Le budget très confortable de ce pastiche X peut s’étendre de 100 000 à 1 million de dollars. On est certes très loin des 8 millions de dollars de Pirates II: Stagnetti’s Revenge, la production Digital Playground autoproclamée blockbuster du porn (pourvu de ses superstars Jesse Jane, Sasha Grey, Katsuni, Stoya). Mais dans le genre film à costumes, ce GoT-là témoigne d’une relative exigence. Le site WinterIsComing nous affirme que « la parodie porn de Game of Thrones se focalisera sur l’histoire, les belles morts…et plus”: 10 minutes de « vraie histoire » pour un épisode de 40 minutes, ce qui « est plutôt rare pour ce genre de productions« . Ironie: en insistant sur l’intérêt du plot (histoire) envers le porn, les producteurs de Brazzers semblent nous renvoyer à la schématisation abusive de la série originelle telle qu’établie par les critiques trop expéditifs, à savoir réduire le show à un mix entre sexe et ultraviolence.
Changement de paradigme dans l’industrie, le producteur Ryan Ryder précise que « ce n’est pas parce que ça se termine comme un film porno que les fans de pornographie ont besoin de voir un film cheesy, une comédie« . Le sérieux autoproclamé de l’entreprise l’éloignerait ainsi du ton des dernières cocasseries satiriques (This Ain’t No Game of Thrones XXX, Gay of Thrones), et en particulier de Game of Bones, le long-métrage des studios Woodrocket. La philosophie de Woodrocket est celle de la culture 2.0, des mèmes, des gifs, des Youtube spoofs – jusqu’à tourner en dérision, plus que les personnages de la série, les codes intrinsèques du porn : le goût des acteurs pour le jeu bigger than life, le double-sens des répliques, le ridicule des transitions narratives.
Lee Roy Meyers, l’une des têtes pensantes de la boîte, à qui nous devons par exemple Strokemon (oui oui, la parodie porn de la série Pokémon), déclarera pour Xcritic au sujet de ce sous-genre que « les gens qui ne regardent pas de porno pendant longtemps se disent que les parodies porn représentent ce que l’industrie du film pour adultes peut offrir de plus ridicule.”. Mettre moins d’humour, c’est se rapprocher davantage du sérieux cérémonial de la série, lui rester fidèle…dans un climat d’échangisme et d’adultères.

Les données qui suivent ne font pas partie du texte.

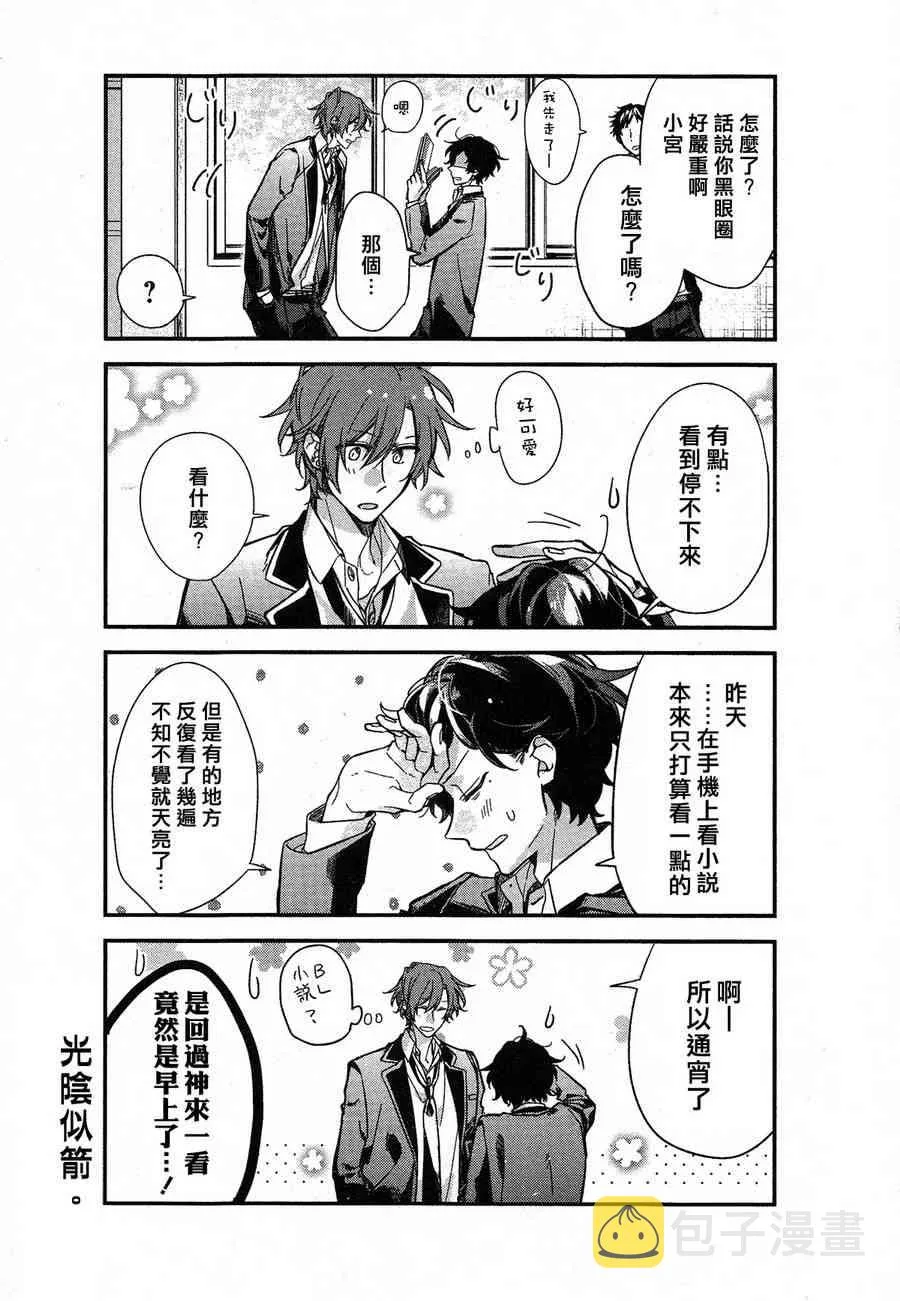 22话 第9页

Mais les sursauts médiatiques provoqués par l’annonce de Storm of Kings dépassent les particularités intrinsèques de la série elle-même. En 2014, l’actrice X Samantha Bentley s’est exprimée sur son expérience de « body double » au sein du tournage de la cinquième saison de Game of Thrones. « Les fesses de Daenerys, c’est toi ? » lui-a-t-on dit lorsqu’elle s’est affublée, pour la saison 5, d’une robe dévoilant sa chute de reins. « J’ai fait du porno, mais sur le tournage d’un film X tout le monde est nu. Sur Game of Thrones, je me promenais en tenue d’Eve et tout le monde me regardait, quelle pression ! » s’amuse-t-elle. Comme si une simple porte séparait le plateau d’une production pornographique et celui du hit de la chaîne câblée.
Une analogie qui fait fortement fantasmer le réalisateur de Storm of Kings, déclarant à Vanity Fair que « ce serait génial si les fans commençaient à partager tout un tas de théories sur la version pornographique de Game of Thrones, comme ils ont pu le faire pour l’original« . Mais même par jets de flammes et de sang, peut-on réellement « pornographiser » Game of Thrones ?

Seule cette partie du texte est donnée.